YIBADA

Restaging of ‘Nixon in China’ Opera is Timely As World Observes 45 Years of Nixon-Mao Meeting

| Mar 06, 2017 08:49 PM EST

Mao And Nixon

The L.A. Philharmonics ended its all season celebration of the 70th birthday of composer John Adams by performing on March 3 and 5 the most famous opera of Adams – “Nixon in China.”

Because of the Watergate scandal, former President Richard Nixon was often portrayed as a cartoon villain, SCPR noted. However, his surprise summit in China in 1972 with Chairman Mao Zedong broke 20 years of cold war between Beijing and Washington and impressed his critics. The world celebrates this week 45 years of that historic meeting.

Historical Frame

On Friday, Adams led again the L.A. Philharmonics at the Walt Disney Concert Hall by dropping “Nixon in China” directly into its historical frame, effectively erasing labels such as satirical opera, heroic opera and surreal opera given to his work. It was made possible by the use of actual footage of Nixon’s visit to China used as scenery for the opera, LA Times reported.

Elkahanah Pulitzer, stage director, used 22 transferred reels of super 8mm home movies taken by Nixon’s staff which they found in archives. The stage featured a vintage TV screen, 1960s era, and the films were shown as backdrop. But beyond the footage, LA Times says the most astonishing thing about “Nixon in China” was the integration of the music of Adams, libretto of Alice Goodman and the live cast.
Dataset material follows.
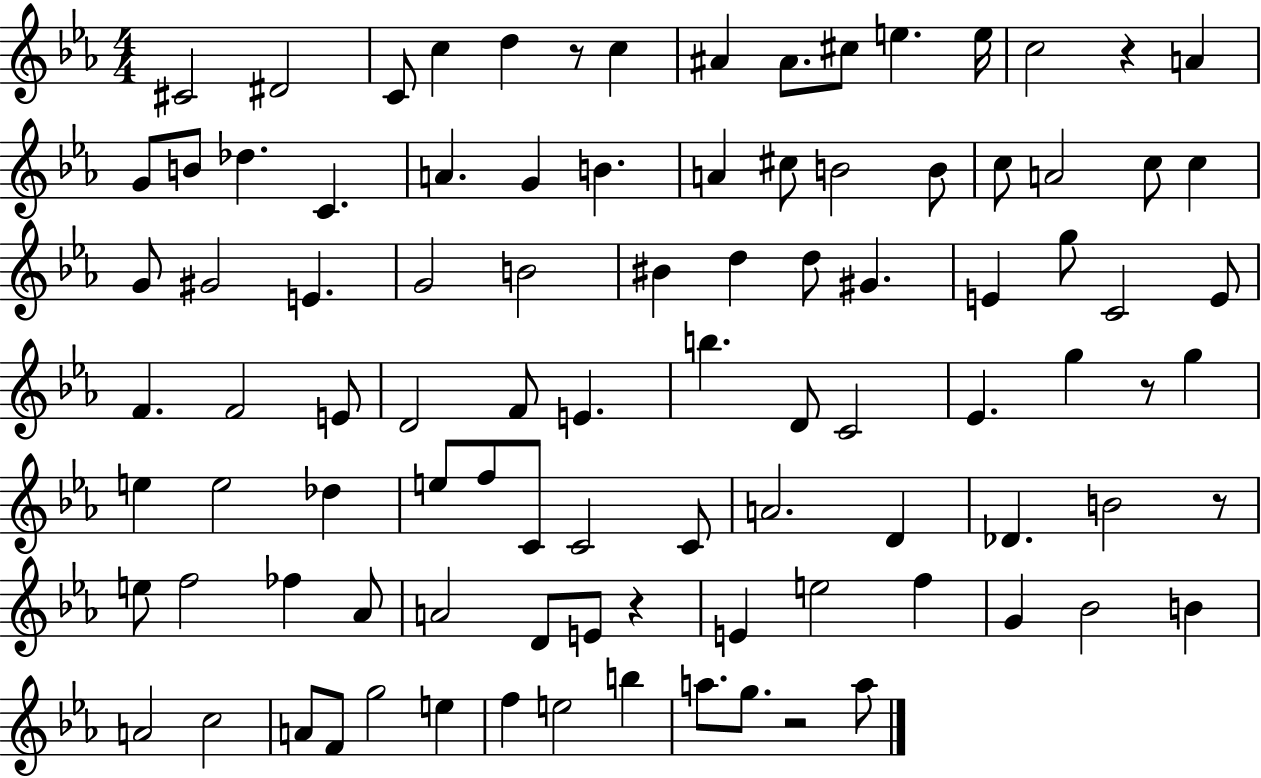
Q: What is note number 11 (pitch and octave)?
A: E5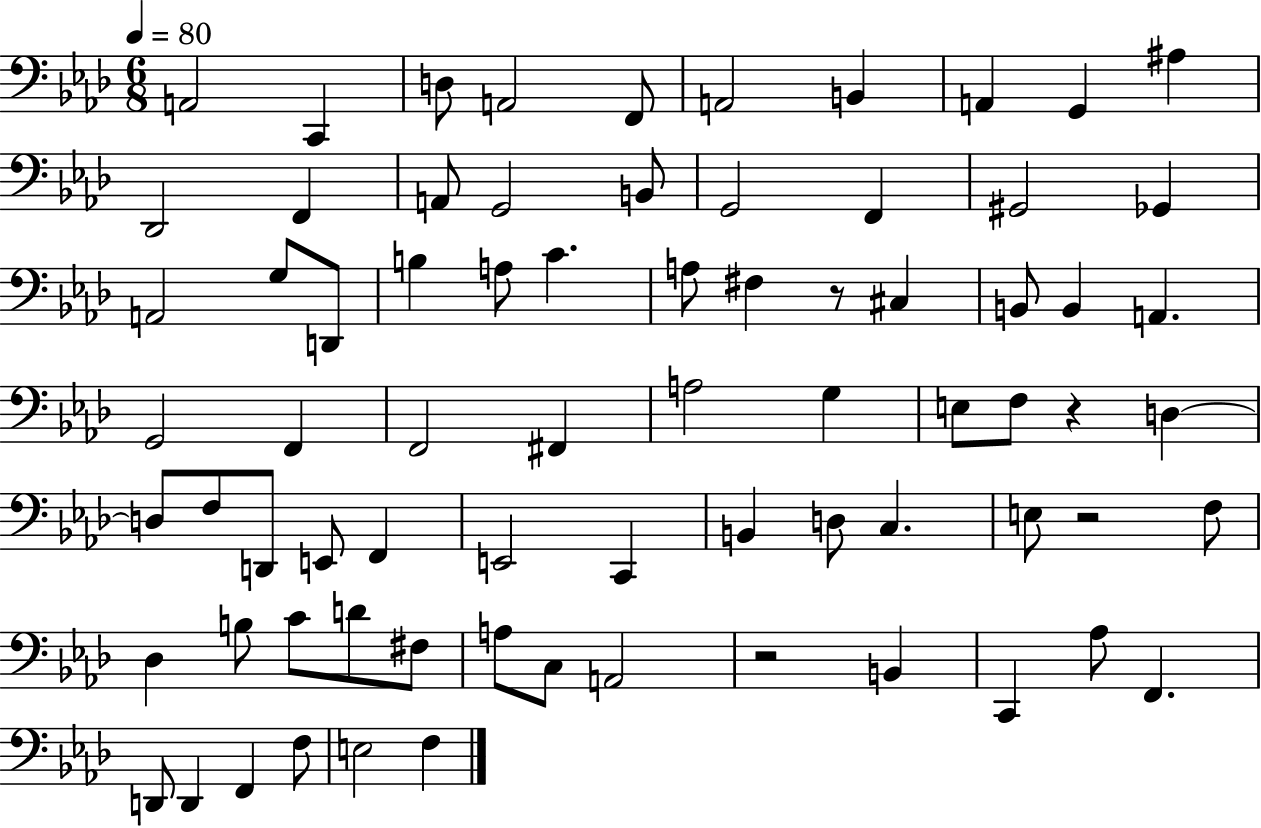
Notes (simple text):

A2/h C2/q D3/e A2/h F2/e A2/h B2/q A2/q G2/q A#3/q Db2/h F2/q A2/e G2/h B2/e G2/h F2/q G#2/h Gb2/q A2/h G3/e D2/e B3/q A3/e C4/q. A3/e F#3/q R/e C#3/q B2/e B2/q A2/q. G2/h F2/q F2/h F#2/q A3/h G3/q E3/e F3/e R/q D3/q D3/e F3/e D2/e E2/e F2/q E2/h C2/q B2/q D3/e C3/q. E3/e R/h F3/e Db3/q B3/e C4/e D4/e F#3/e A3/e C3/e A2/h R/h B2/q C2/q Ab3/e F2/q. D2/e D2/q F2/q F3/e E3/h F3/q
Skeptical on Nixon as Object of Opera

The performance, such as the soliloquies of soprano Joel Harvey, was given more punch as the footage of Pat Nixon’s tour, seen in Act I, showed appropriate images when the libretto mentioned a pig farm, elephant and Chinese schoolchildren. It was good that the singers were placed on a semicircular platform at the back of the orchestra or behind the scrim to give the audience enough distance to see Pat Nixon’s image on the screen.
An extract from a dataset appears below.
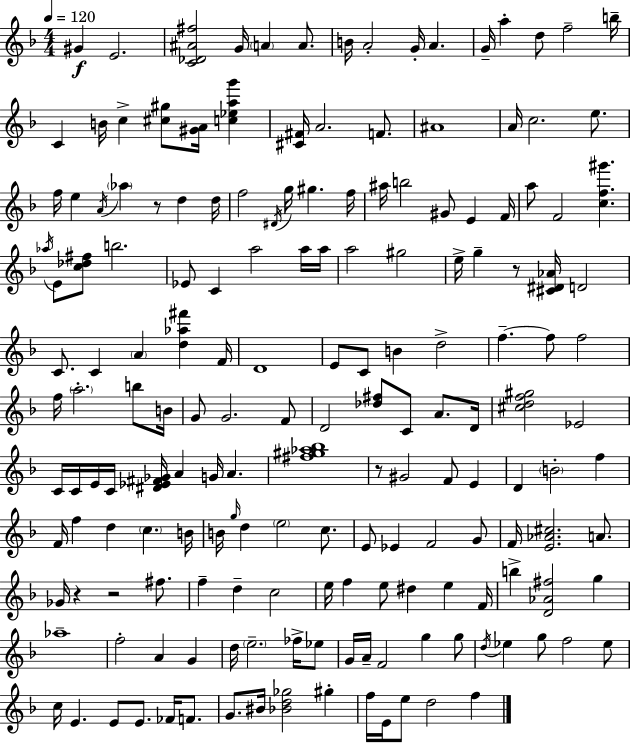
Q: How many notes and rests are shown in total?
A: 173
Adams recalled that Peter Sellers, the stage director, broached to him the idea of the meeting between Nixon and Mao in 1983. He admitted being skeptical because the president was still the object of late night TV jokes. But the more he thought about the idea, the more Adams realized that Nixon was a perfect choice for an opera since the characters were very colorful and the story was about the collision of capitalism versus Communism “which was the great agonistic struggle of the 20th century,” Adams said.